Originally Posted by
texaschief
lol...if i were running a team, we'd be a perennial playoff contender, not a team who had an 8-8 record, then 13-3, then back down to 7-9 and miss the playoffs for the next few years.
Let me help you out...
With all of the words that you have posted here, you have never said anything that "helped me out". I find almost everything that you have ever said as erronous.
you can pull out those 3 seasons over 20 years if you'd like, but since 1989, this team has played 307 games with a winning pct. of .57654723.
so, in just under 20 years, this team has won BARELY more than half it's games.
So, then, above average, right? Even including the bad years, above average would still be the the way to term this.
mediocre
adjective
1. moderate to inferior in quality; "they improved the quality from mediocre to above average"

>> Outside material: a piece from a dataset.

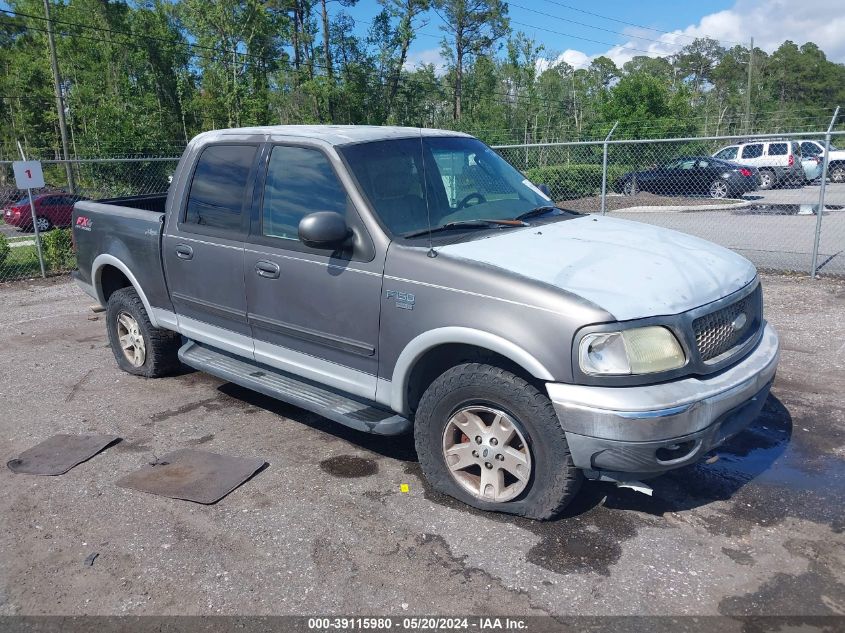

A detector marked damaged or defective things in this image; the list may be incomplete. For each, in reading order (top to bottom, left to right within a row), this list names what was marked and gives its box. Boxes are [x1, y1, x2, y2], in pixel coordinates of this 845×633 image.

rusty metal plate [6, 434, 122, 474]
rusty metal plate [115, 450, 266, 504]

2. lacking exceptional quality or ability; "a novel of average merit"; "only a fair performance of the sonata"; "in fair health"; "the caliber of the students has gone from mediocre to above average"; "the performance was middling at best" [syn: average]
3. poor to middling in quality; "there have been good and mediocre and bad artists"
So then you are admitting a mistake here?
I've never called for anyone to be fired...ESPECIALLY the head coach. Unlike you, who wants to fire a coach we just got...and just in time for the third season...hypocrite.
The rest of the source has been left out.